I missed that. Then I disagree with your use of delegates. The solution here is to make the free f function to take a non const T*, since the function tries to modify variables from that T instance (via a delegate).

I don't mind if the delegate modify an S or a T instance: it should not modify anything. You use a delegate to store an S structure that you can modifiy in a const T. This is only one step to consider the following acceptable:

struct T {
  ref int delegate() _i;
  this(int i_) { _i = () => i_ }
  @property ref int i() const { return _i(); }
}

void foo(const T*)
{
  T.i = 10;
}

Would you say that this is not a problem, since you do not modify a T instance with that delegate?

I prefer to legalise:
struct T
{
  mutable int i; // makes modifying i legal, but prevent instanciating
                 // an immutable T and several optimizations
}

> Only a const T.f would be pointless.
I would allows you to safely call that delegate from a const T instance.

> Like I've already said twice in this thread - it *can* be done (the function has to be "pure" too for it to work), but certain delegate uses, which are OK now, would be forbidden.
>
> I'm all for fixing this hole - it's just that the proposed "fix" would have consequences, which can't simply be ignored.
> 
> Language design is not a game of whack-a-mole, where you ban random features left and right, because you think you've noticed a problem, without properly identifying it nor spending even a single second figuring out the implications.
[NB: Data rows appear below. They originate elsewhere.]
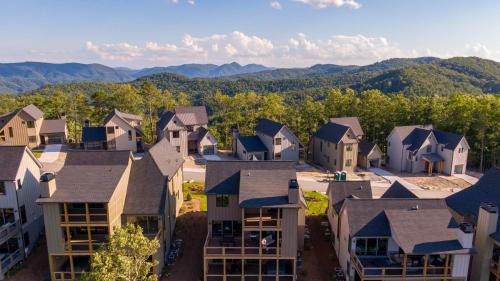 Lenoir House | Blue Ridge Sanctuary at Blue Ridge Mountain Club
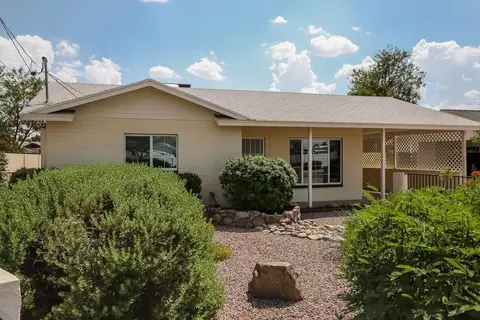 1237 Elm St, Phoenix, AZ 85014 photo 2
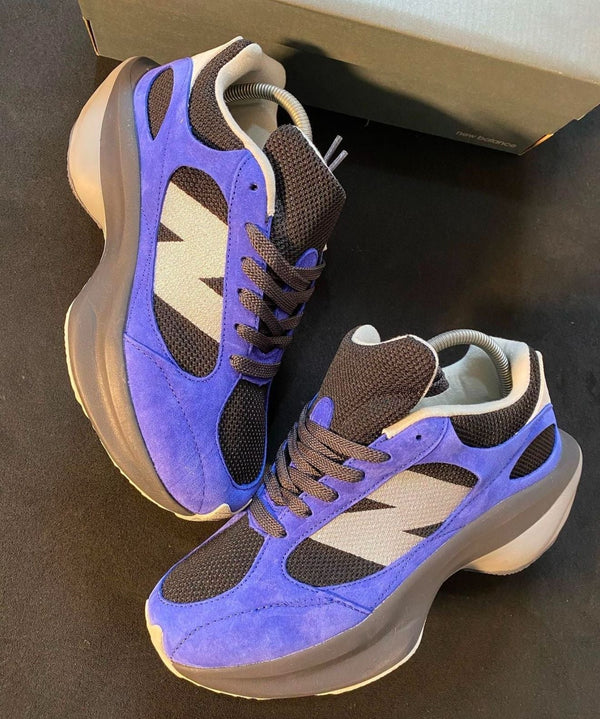 New Balance βRUNNER BLACK/BLUEβ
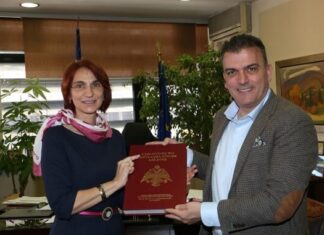 Στον Θανάση Μαμάκο η πρόξενος της Ρουμανίας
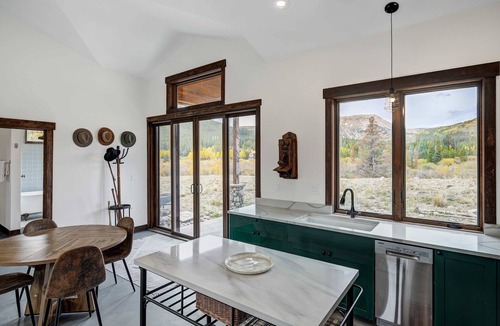 Alma Cabin | Streamside Chalet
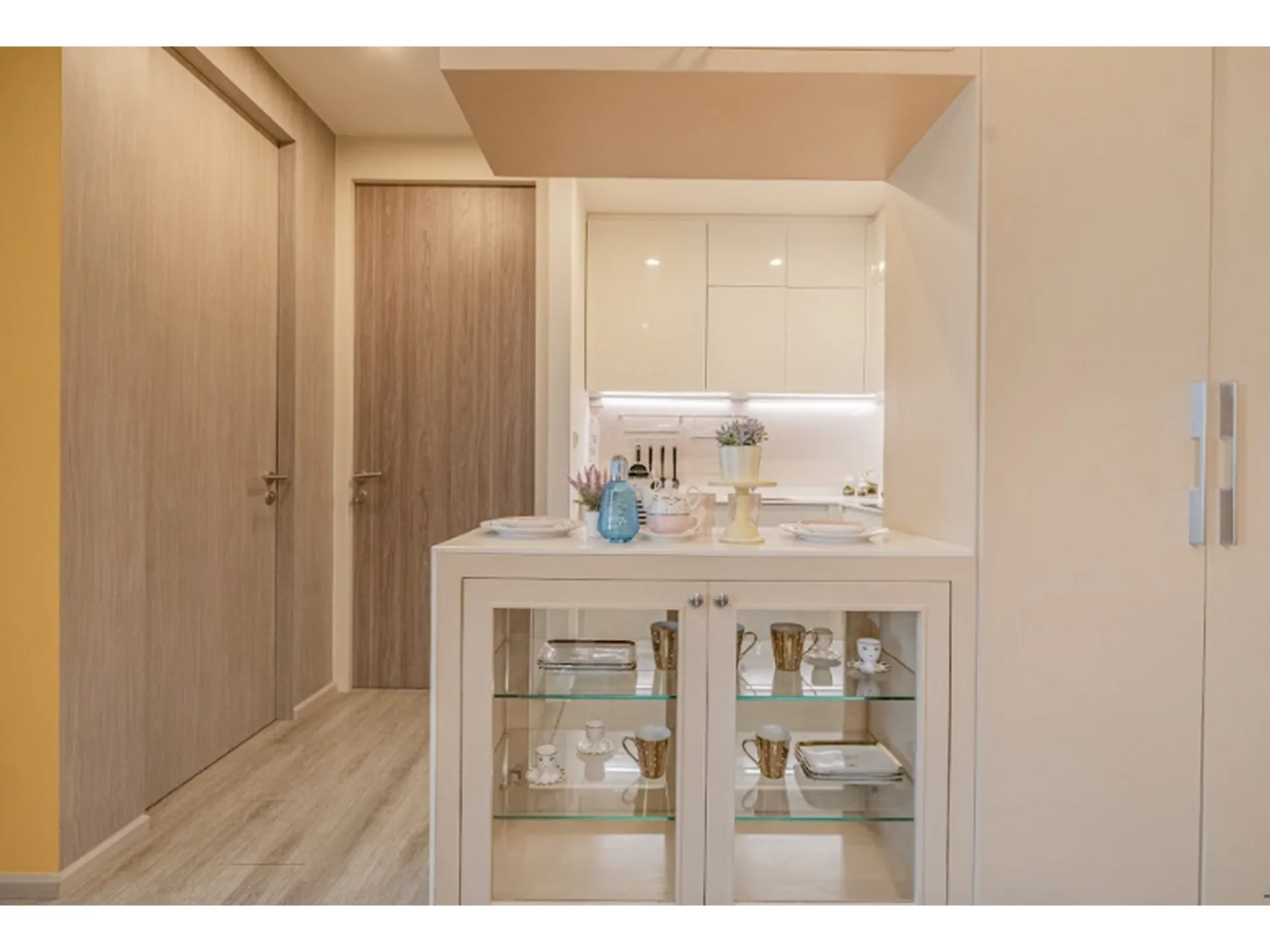 Property photos for Centric Ari Station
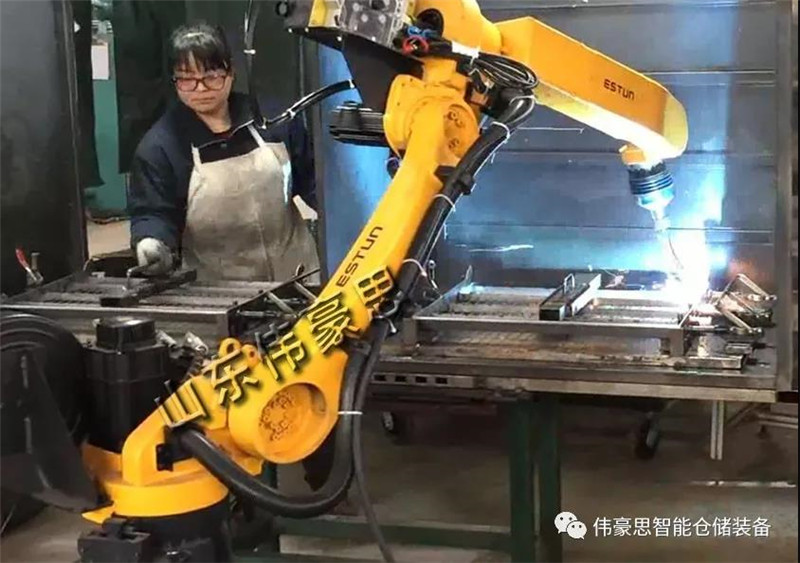 焊接機(jī)器人在家電行業(yè)的應(yīng)用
I completely agree with that. And I'm fine with the current situation: you trust the programmer not to use delegates to break the const system until we have a proper system to deal with this (inference of constness of delegates, for a start). But encouraging the use of delegates to modify variables from a const instance seems wrong to me.

-- 
Christophe
June 20, 2012
deadalnix , dans le message (digitalmars.D:170262), a écrit :
> Once again, this is inconsistent with how purity is defined elsewhere.
> 
>> I'm all for fixing this hole - it's just that the proposed "fix" would have consequences, which can't simply be ignored.
>>
> 
> They are not ignored, but it seems you don't clearly understand the implications and the big picture.

Let me stress that argument: It has been said in several places in the newsgroup that D had many features that work right, but now problems emerge when feature interacts with each other. That is why consistency in the langage design is *very* important.

Implementing delegates properly with constness of the context pointer, and a consistent pure attribute is a way that garanties that delegates interacts finely with all other feature (constness, purity, etc.): delegates are implementable has classique structures with an opApply like I showed in a post in this thread. There is no black magic (1), an thus delegates are guaranted not add any hole in the langage: delegates are only a very convenient way to do what you can do with a context pointer and a function pointer.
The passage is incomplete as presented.